TO DO: For this exercise, retype the lines from the one that holds "5161 Collins Avenue Miami Beach FL 33140" through the one that holds "173 5th Avenue, ON N0G 1L0" in the records below, both included, exactly and without pictures.

Short text fragments from websites:
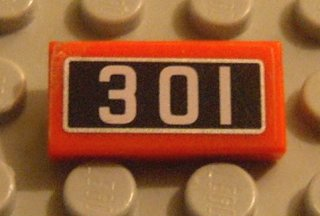 3069bpb0069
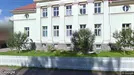 Apartment for rent, Falun, Dalarna, &lt;span class=&quot;blurred street&quot; onclick=&quot;ProcessAdRequest(14267346)&quot;&gt;&lt;span class=&quot;hint&quot;&gt;See streetname&lt;/span&gt;[xxxxxxxxxxxxx]&lt;/span&gt;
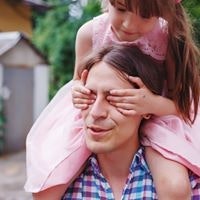 Andrii Miroshnychenko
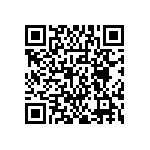 HDWM-08-59-S-D-250-SM QRCode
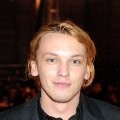 Jamie Campbell Bower imagen 3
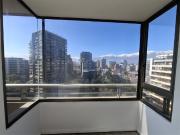 Departamento en Arriendo en 2 dormitorios 2 baños 2 Est...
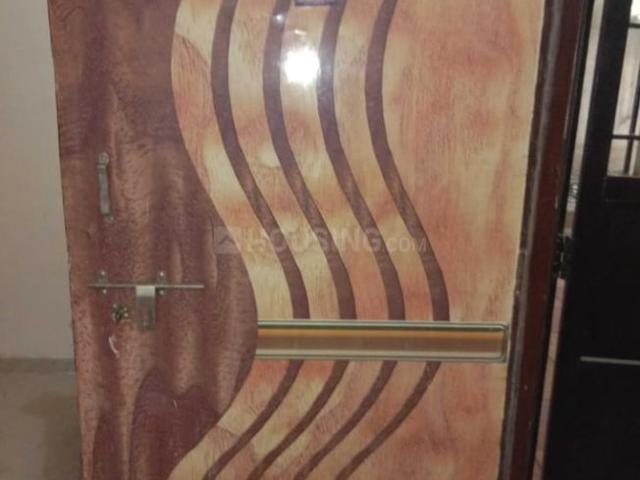 1 BHK Apartment in Bhilarewadi for resale Pune. The reference number is 10515187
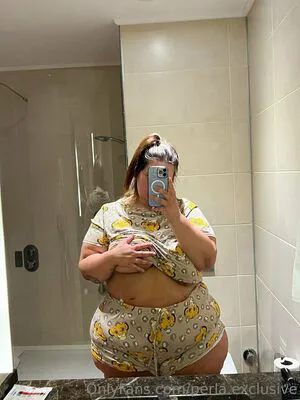 Wero777 OnlyFans Leaked Free Thumbnail Picture - #iRqfORIhPw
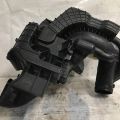 LF5W-13-200A | Резонатор воздушного фильтра MAZDA 5 CR 05-10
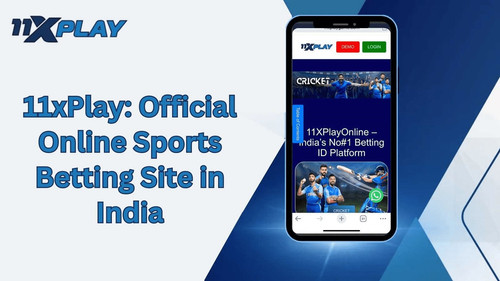 11x Play Login - Secure 11xplay.com Login & Password Access.1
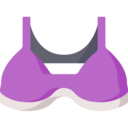 femenine,clothing,fashion,clothes,underwear,bra,brassiere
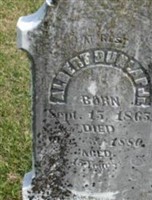 Albert Dunlap, Jr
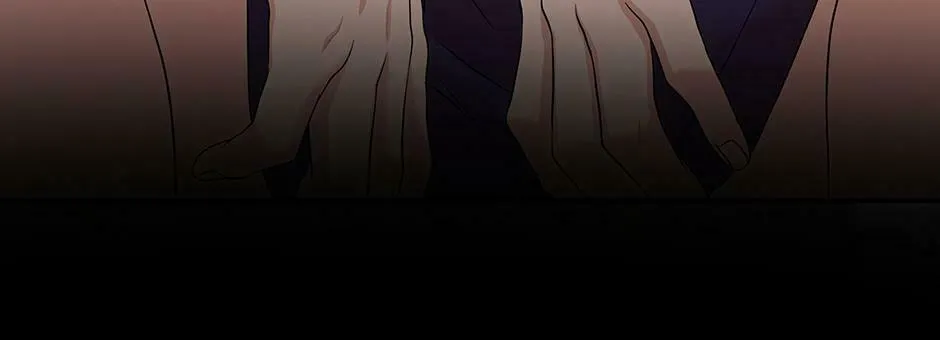 Read Engrave the Mark, Master chapter 43 image 20 on Lezhin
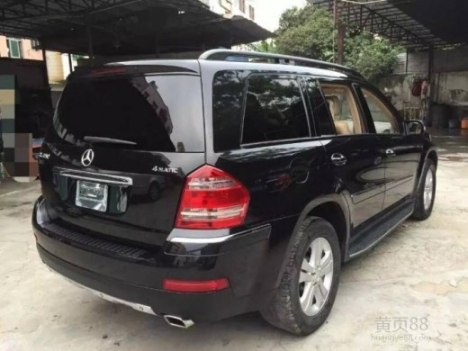 黃石出售二手進口蘭博基尼優(yōu)質車源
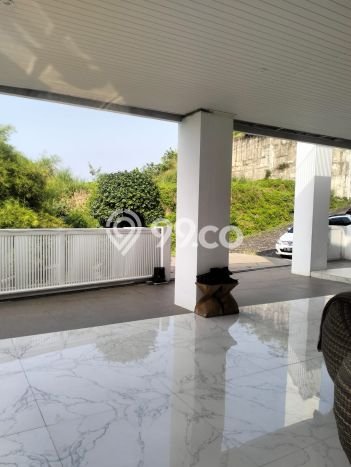 For Sale Rumah Elit Exclusive di Gajah Mungkur, Semarang For Sale Rumah Elit Exclusive di Gajah Mungkur, Semarang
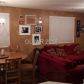 1915 Giant Pine Avenue, North Las Vegas, NV 89031 ID:15314205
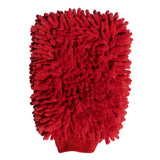 Shurhold Chenille Microfiber Premium ScratchFree Wash Mitt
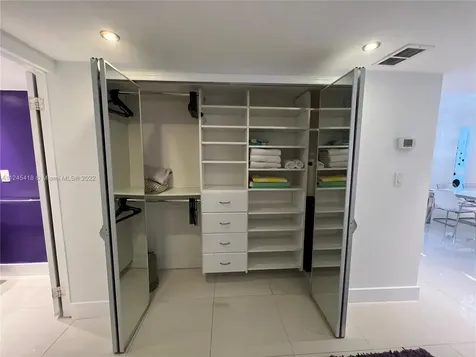 5161 Collins Avenue Miami Beach FL 33140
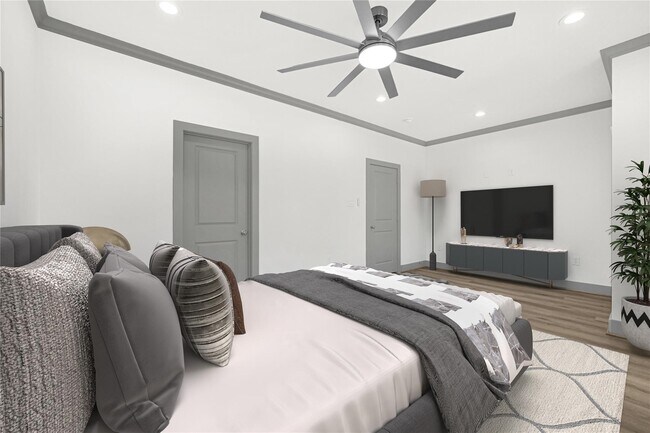 Foto del edificio - 4019 Stassen St
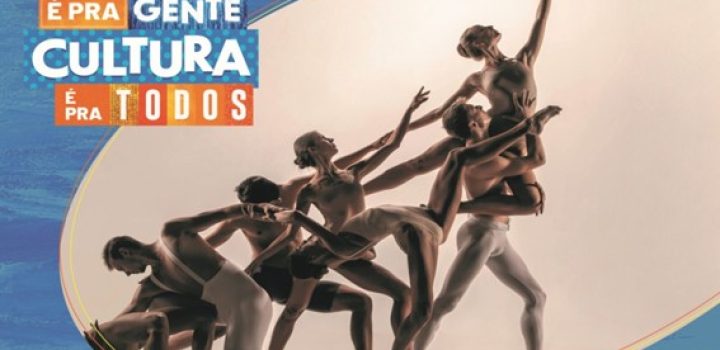 CAIXA abre inscrições para projetos da CAIXA Cultural em 2025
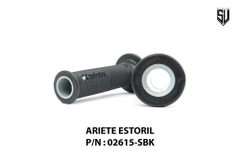 Bao Tay ARIETE ESTORIL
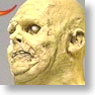 Zombies Unleashed Vittles Brothers Bust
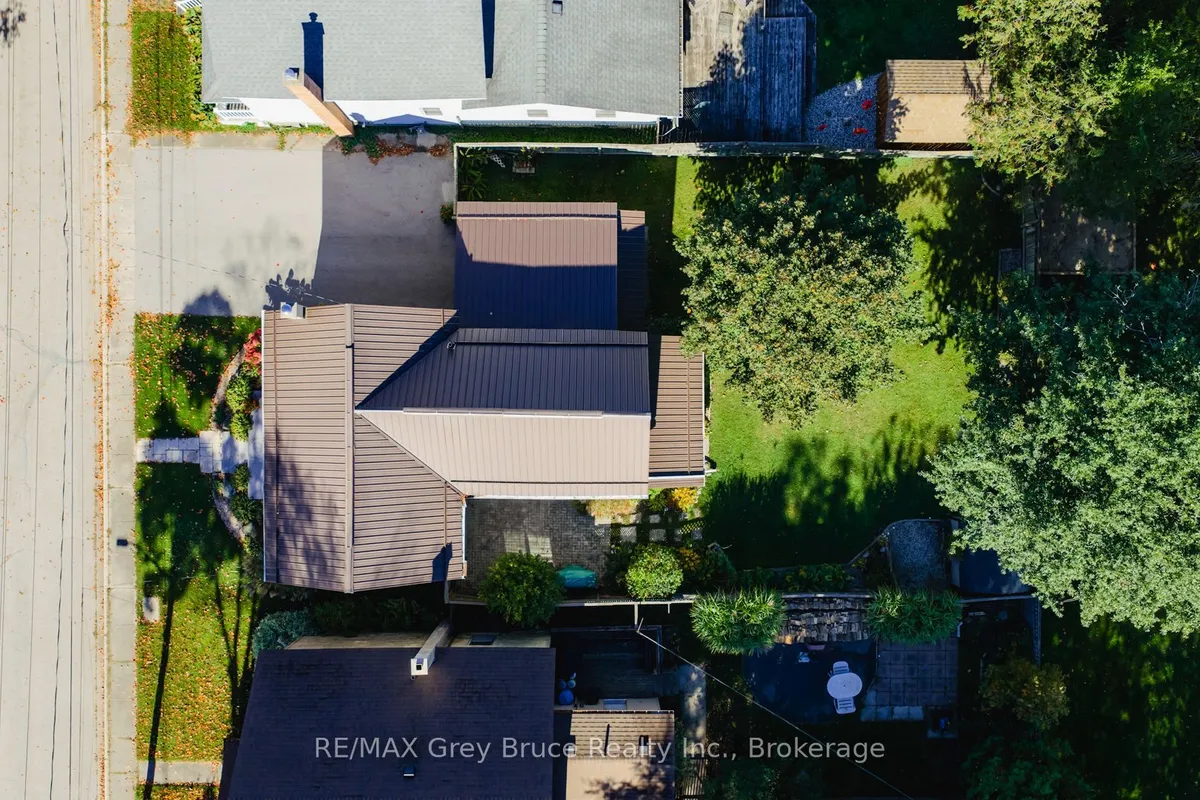 173 5th Avenue, ON N0G 1L0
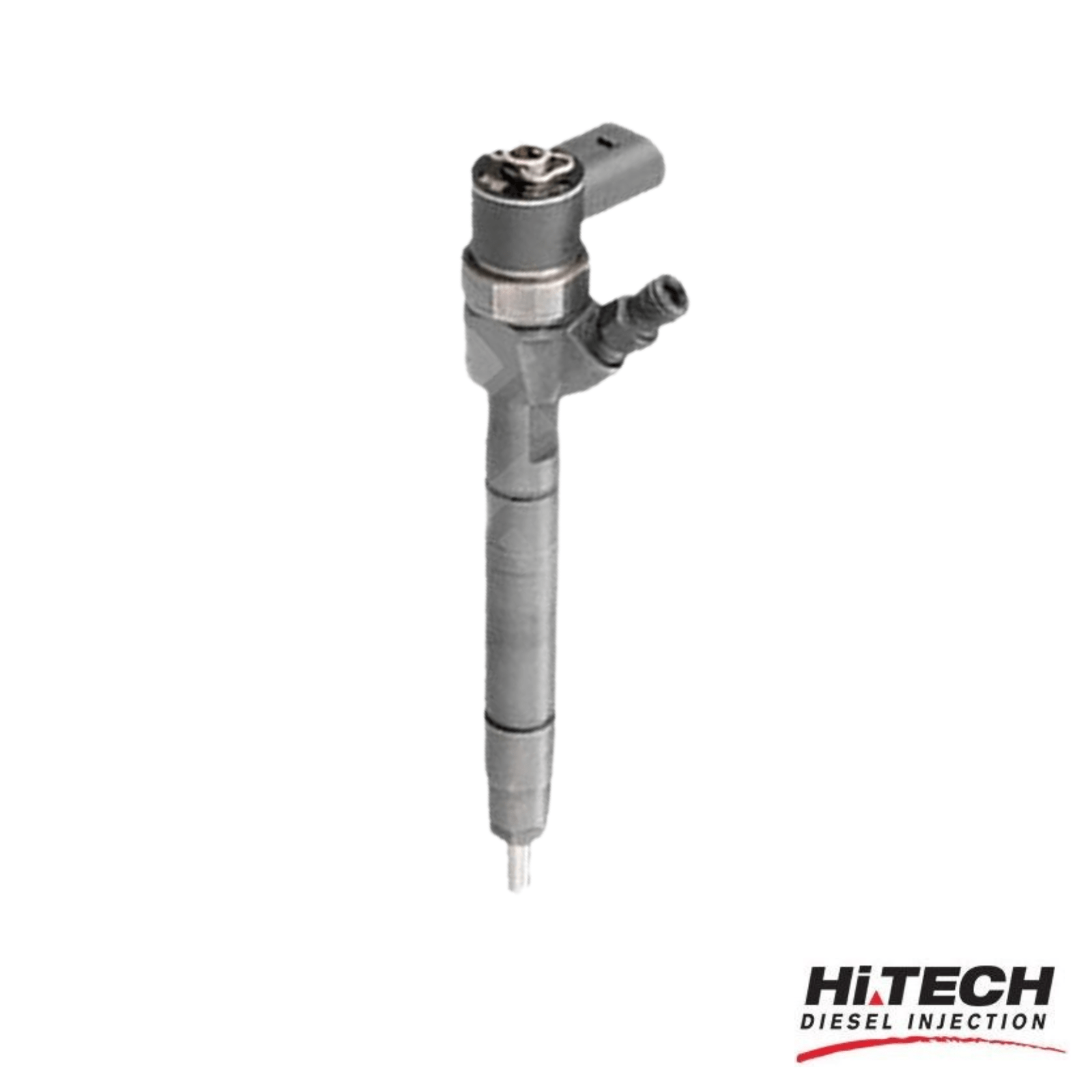 Hi Tech Diesel - Mercedes Sprinter 2.1L / 2.2L Common Rail Injector A6120700587 / 0445110203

EXPECTED OUTPUT:
 5161 Collins Avenue Miami Beach FL 33140
 Foto del edificio - 4019 Stassen St
 CAIXA abre inscrições para projetos da CAIXA Cultural em 2025
 Bao Tay ARIETE ESTORIL
 Zombies Unleashed Vittles Brothers Bust
 173 5th Avenue, ON N0G 1L0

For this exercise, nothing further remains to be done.